Another fine bonus is a series of interview-like encounters with Brakhage that allow him more time to explain his ideas about filmmaking. These were recorded over a number of years and welcome new chapters are now included with Volume Two.

There are also a few segments of Brakhage speaking to unseen audiences at Sunday salons at the University of Colorado and an audio-only lecture with Brakhage discussing the profound influence of Gertrude Stein’s poem Stanzas in Meditation.
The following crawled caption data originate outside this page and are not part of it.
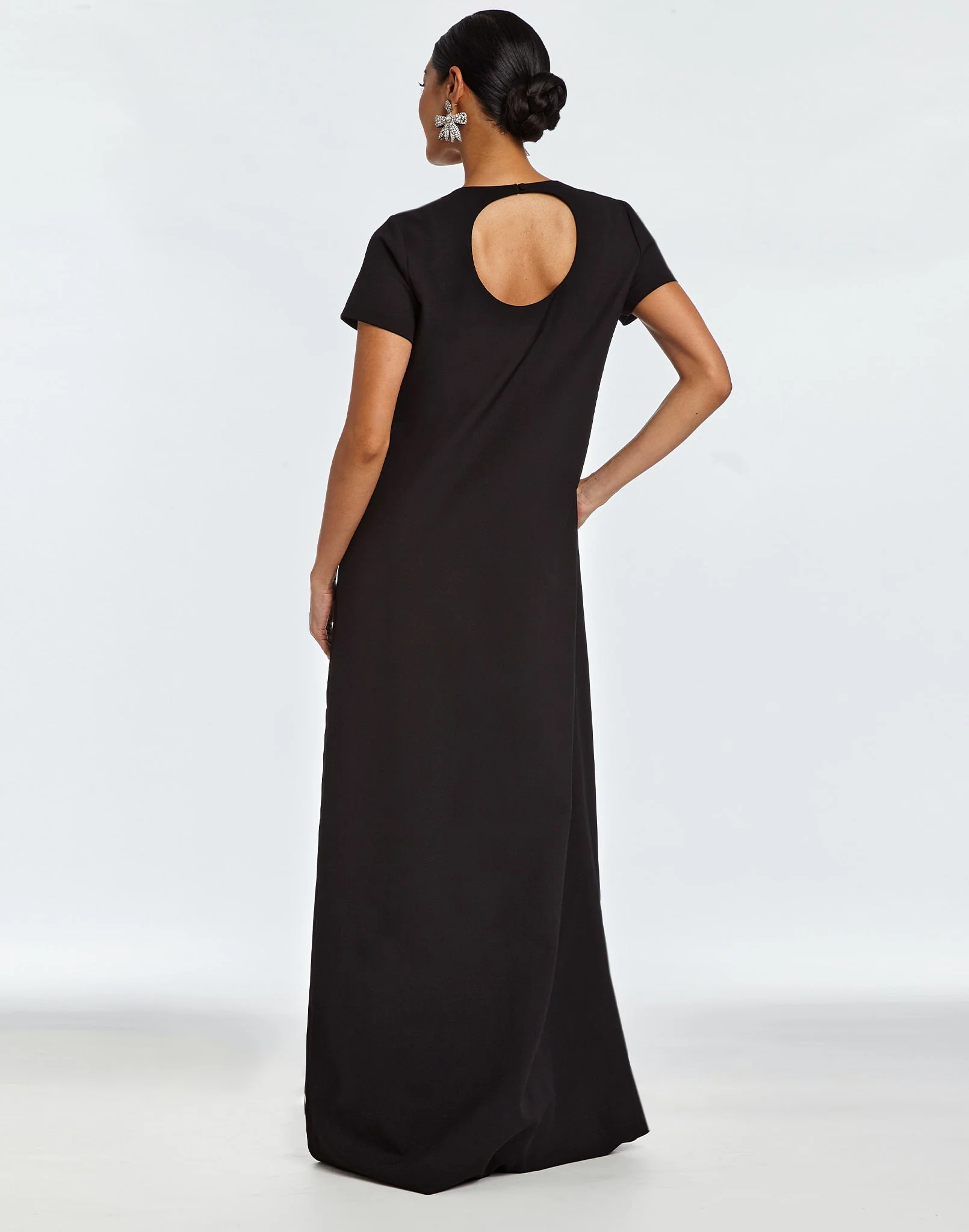 Adria Gown - Image 5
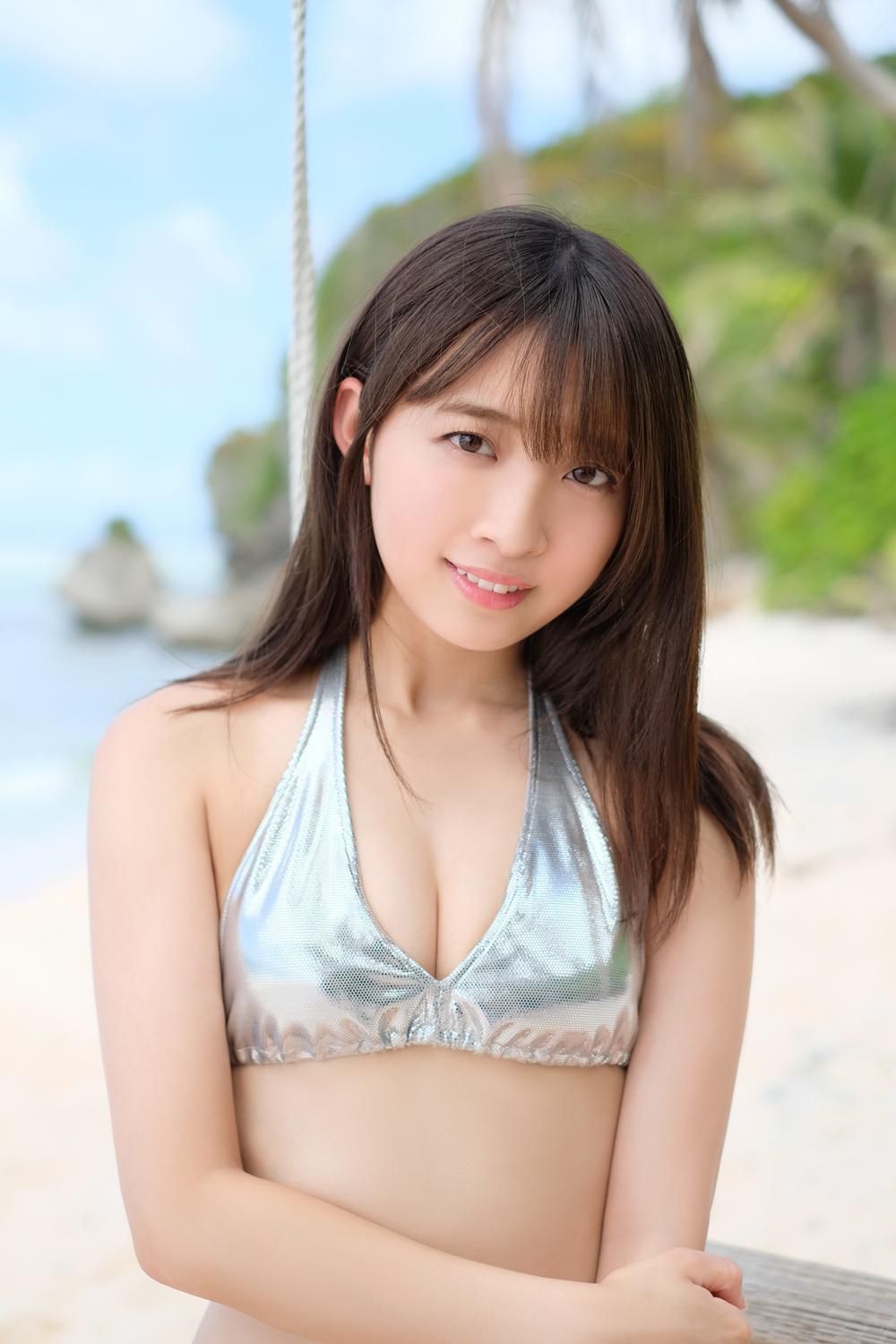 [PB] Watanabe 渡邉幸愛  - はじめまして、こうめです。 第80张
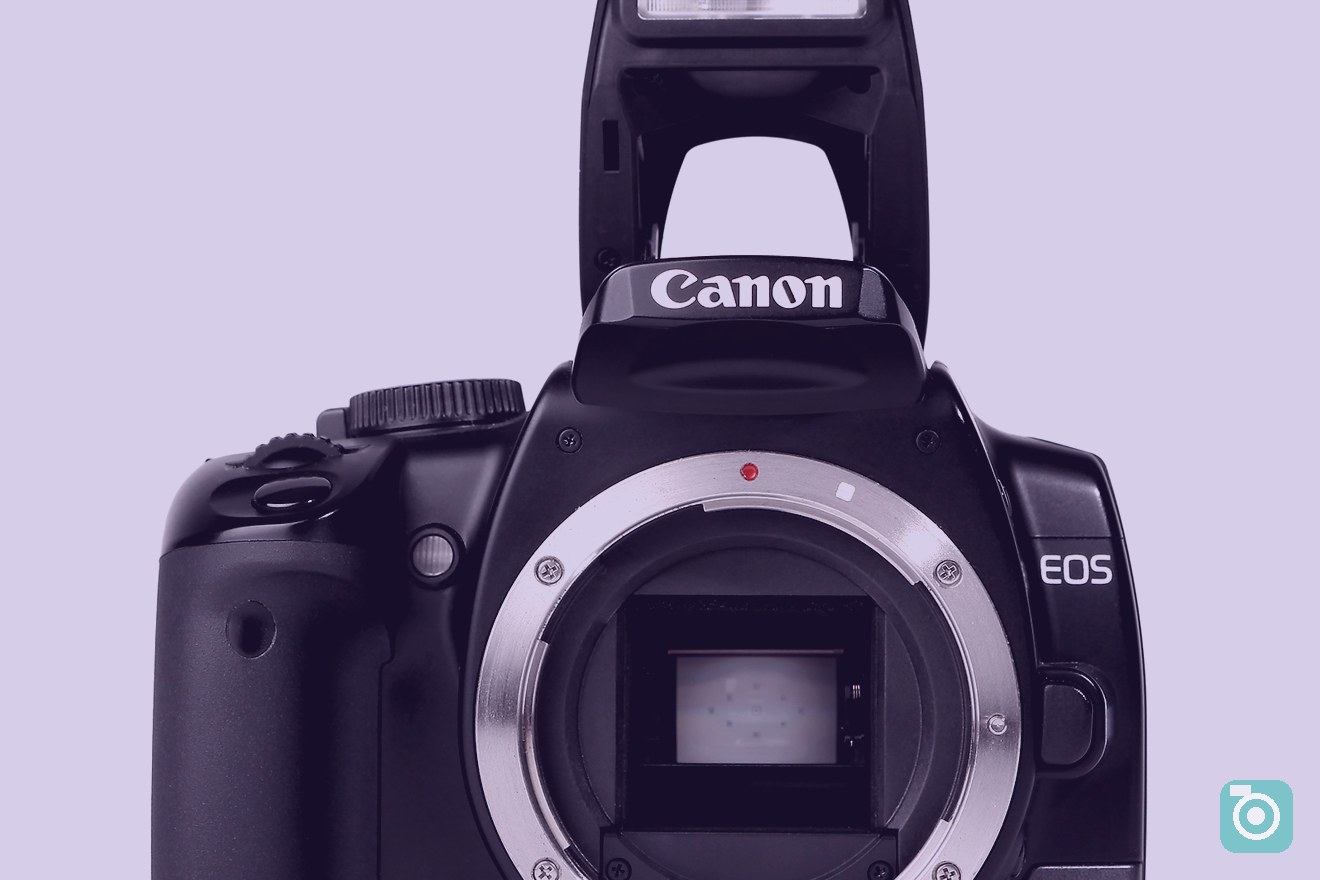 real cameras lenses photo equipment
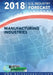 2018 U.S. Industry Forecast-Manufacturing Industries by Craig a. Barnes
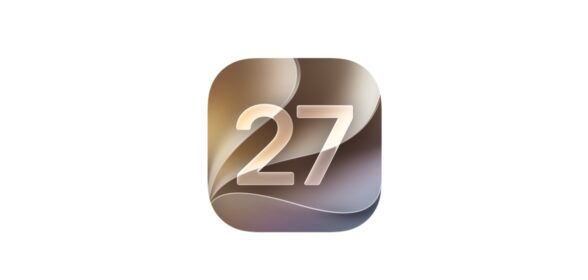 Come scaricare iOS 27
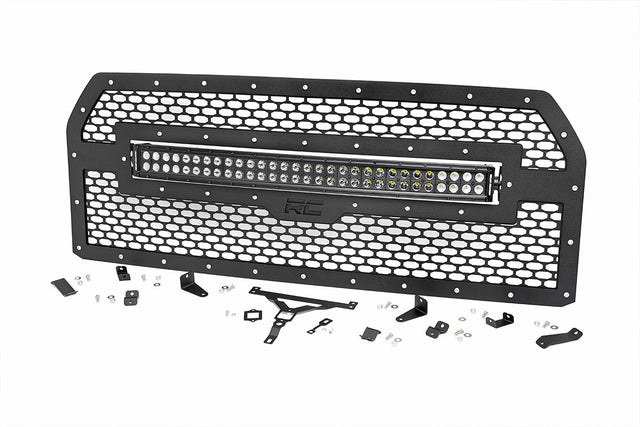 RCS70193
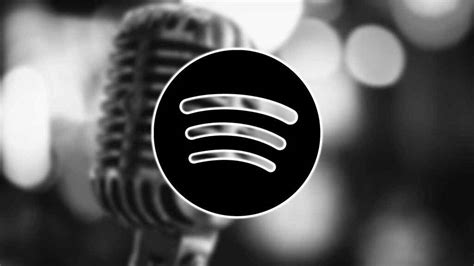 Spotify Te Recomendará Podcasts Diarios Según Tus Gustos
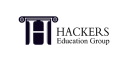 Hackerstalk.co.kr logo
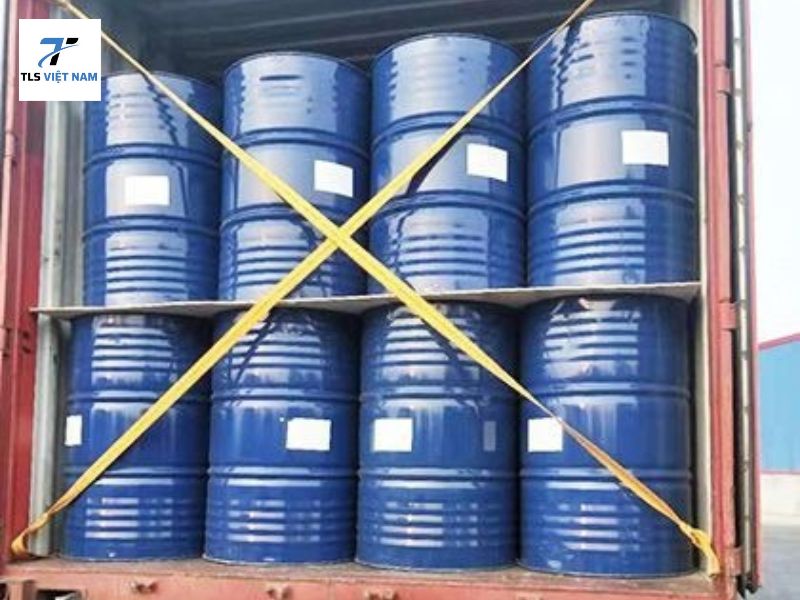 Báo giá Javen công nghiệp mới nhất 2025 – Cập nhật chi tiết & địa chỉ uy tín 7 Dự đoán xu hướng giá Javen công nghiệp 6 tháng cuối 2025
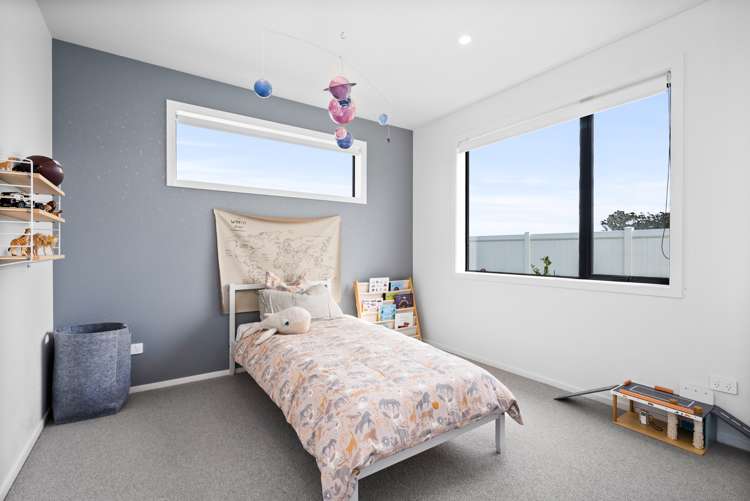 20 Maturiki Drive One Tree Point_15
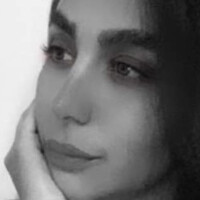 Paria Aliakbar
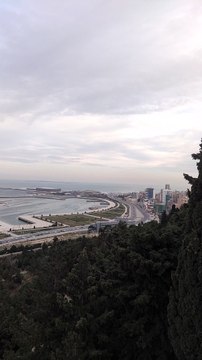 Azerbaijan beautiful country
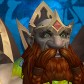 Snakesmage avatar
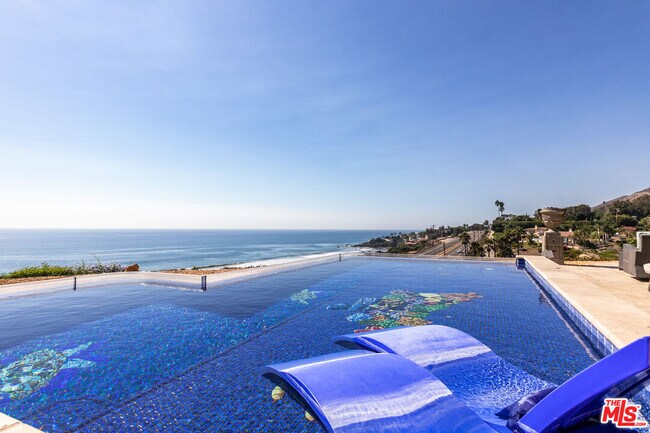 Building Photo - 31280 Bailard Rd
You might say, “Wow. That’s a lot of talk.” But, Brakhage was an endlessly fascinating speaker. I could listen to him for many hours beyond the hour or so included here. He’s like the college professor you always wished you had.

The remaining major bonus is a short and barely edited documentary of Brakhage at work, filmed by his second wife Marilyn. I wish the set included more footage of him at work. He comes across as a man so at one with his camera that it appears to have sprouted from his forehead.

Most bonus materials are enjoyable once – if at all – and then set aside never to be visited again. I’ve already been through all of these twice and plan to revisit them almost as often as the films.

FINAL THOUGHTS

Definitely give this set a go. The films are acquired tastes though so rent them or borrow them from a library if you’re hesitant. And don’t try to take in all 697 minutes at once. My suggestion is to watch just a few films at a time at night when it’s dark – and then go straight to bed and sleep on them.